Madrid - London office-property values may fall by as much as 20% within three years of the country leaving the European Union as businesses relocate and the economy stagnates, according to Green Street Advisors.
"New leasing will slow dramatically," said Hemant Kotak, an analyst at the London-based research company. Retail-property values across the country could fall by 10% to 15%, Kotak said.
Shares of UK developers tumbled as the pound plunged to the lowest since 1985 following Britain’s vote to quit the EU after more than four decades. German real estate investment manager Union Investment decided against buying an office project in London’s main financial district following the vote because it creates rental uncertainty.
Investment in UK commercial real estate dropped by half in the run-up to yesterday’s referendum as potential buyers shunned deals. That was on concern that leaving the EU would encourage businesses to relocate abroad, leading to higher vacancy rates and lower prices in the UK.
Investors spent £16.9bn on offices, stores, warehouses and other commercial properties from January through May, down from a record £33bn a year earlier, according to Real Capital Analytics data.
"We are entering into a period of heightened uncertainty that no one can define or quantify," said Adrian Benedict, investment director of real estate for Fidelity International. "It will most likely take several years for people to fully understand the implications of this."
London-based Fidelity International, which is separate from Fidelity Investments, manages about $1 billion of real estate assets, including $664 million in the UK.
London represents the largest market for euro-denominated trading and banks with euro trading desks in the city may need to relocate some people to other locations within the EU, according to Patrick Scanlon, a partner at Knight Frank Deutsche Bank and HSBC Holdings said prior to the referendum that they are likely to move some employees to Mainland Europe in the event of a vote to quit the union.
JPMorgan Chase the largest US bank, said it might move a quarter of its 16 000 British workers.
Derwent London Plc led declines. The company’s 17% drop was the biggest since 1994. Along with British Land, Great Portland Estates and Land Securities Group the London-based developer is among commercial property stocks most at risk from Brexit, Liberum said in a note to clients on April 15. The 16-member FTSE 350 Real Estate Trust Index was down almost 14%.
Investment in central London offices fell 21% in the first quarter from the year ago to the lowest in two years, according to research by Savills.

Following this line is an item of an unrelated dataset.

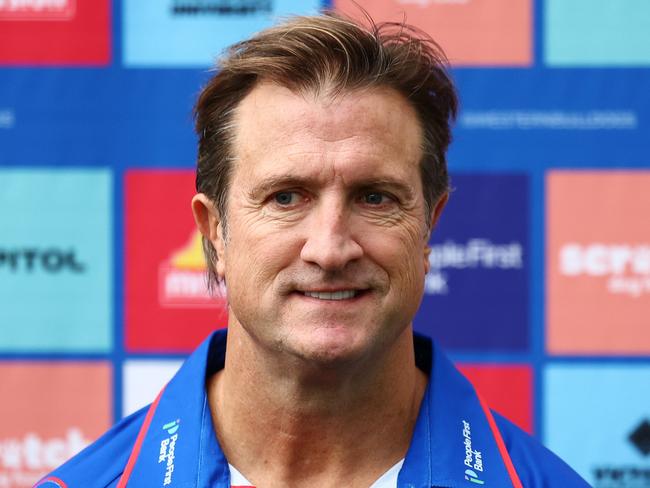 MELBOURNE, AUSTRALIA - MAY 06: Luke Beveridge, Head Coach of the Bulldogs speaks to media during a Western Bulldogs AFL training session at Mission Whitten Oval on May 06, 2025 in Melbourne, Australia. (Photo by Morgan Hancock/Getty Images)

That was because international investors, who generally make up two thirds of purchases in the market, put off buying until after the vote.
There could now be "enormous potential" for foreign investors who have been waiting on the side lines to buy commercial property assets, according to John Carrafiell, the co-founder of Green Oak Real Estate.
"This will create a buying opportunity in the short term as there will also now be sellers who are forced to exit the UK," he said.